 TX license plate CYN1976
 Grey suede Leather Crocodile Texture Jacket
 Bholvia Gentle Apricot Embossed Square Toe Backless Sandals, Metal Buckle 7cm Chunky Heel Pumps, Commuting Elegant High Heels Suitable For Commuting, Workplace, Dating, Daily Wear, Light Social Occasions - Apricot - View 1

━━━━━━

## The task
Repeat back the material above verbatim, including every line.

## Output
 TX license plate CYN1976
 Grey suede Leather Crocodile Texture Jacket
 Bholvia Gentle Apricot Embossed Square Toe Backless Sandals, Metal Buckle 7cm Chunky Heel Pumps, Commuting Elegant High Heels Suitable For Commuting, Workplace, Dating, Daily Wear, Light Social Occasions - Apricot - View 1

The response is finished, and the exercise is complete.